A expressão «qual seja»

Vejo bastante oscilação no uso e nenhuma referência, nas gramáticas, quanto à análise da expressão «qual seja» em frases como:

«O sujeito tem um papel importante na frase, qual seja o de conjugar o verbo.»

Entendo essa expressão como uma oração adjetiva explicativa, por isso não uso vírgula após o «qual seja». Mas vejo que se usa bastante como uma intercalação («... papel importante, qual seja, o de conjugar...»). Como devo usar essa expressão, entre vírgulas, ou não? E qual a análise correta das orações da frase que ora apresento como exemplo?

Obrigado pela atenção.

Resposta

Pela análise dos exemplos que observei no Corpus do Português, parece-me que a expressão é usada com dois sentidos levemente distintos: quando ocorre entre vírgulas é equivalente a «ou seja», como se estivesse a explicitar o sentido do que está antes:

1. «O crime não produz o efeito desejado, qual seja, a morte...»

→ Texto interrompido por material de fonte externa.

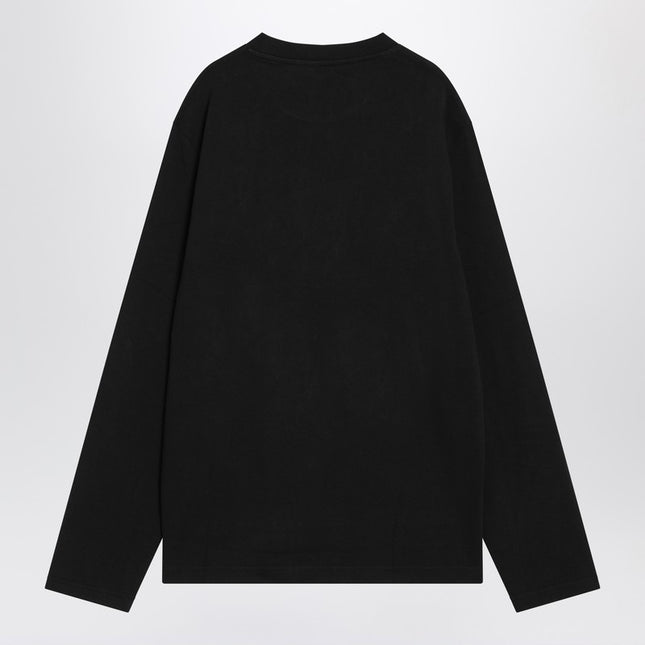 JACQUEMUS Black long-sleeved cotton T-shirt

Quando aparece apenas antecedido de vírgula tem, sobretudo, um valor expletivo, ou de realce:

2. «Todas as informações nasceram de uma fonte teoricamente insuspeita e qualificada, qual seja a Procuradoria de Justiça do Rio de Janeiro…»

Curiosamente, em ambos os casos a expressão pode ser omitida sem grande alteração de sentido:

1.1. «O crime não produz o efeito desejado, a morte...»

2.1. «Todas as informações nasceram de uma fonte teoricamente insuspeita e qualificada, a Procuradoria de Justiça do Rio de Janeiro…»

Pela sua interpretação, ao considerar a expressão como uma oração adjectiva explicativa, está a atribuir-lhe um sentido equivalente a «ou seja», pelo que deverá colocar a expressão entre vírgulas. Note-se que é esse o procedimento previsto na língua portuguesa para as orações adjectivas explicativas, sendo esse facto que, formalmente, as distingue das relativas restritivas.

Quanto à análise dessa expressão, em 1 poderemos, efectivamente, como diz, considerar que equivale, de certo modo, a uma oração relativa explicativa. Porém, se a compararmos com uma relativa explicativa típica, do tipo:

3. «O João, que é um jovem muito perspicaz, percebeu logo a situação»,

vemos que, quer do ponto de vista estrutural, quer do ponto de vista de sentido, se afasta um pouco, assumindo algum valor de realce. Esse realce é mais evidente em 2, onde a expressão se liga directamente ao elemento que destaca, ou realça: «a Procuradoria de Justiça do Rio de Janeiro…» Gostaria de referir que o facto de estarmos perante uma expressão fixa dificulta a sua análise sintáctica, sobretudo porque a sua fixidez se aproxima de uma gramaticalização, em que as expressões têm um valor relacional ou de ligação, contribuindo para a coesão textual do conjunto em que se inserem.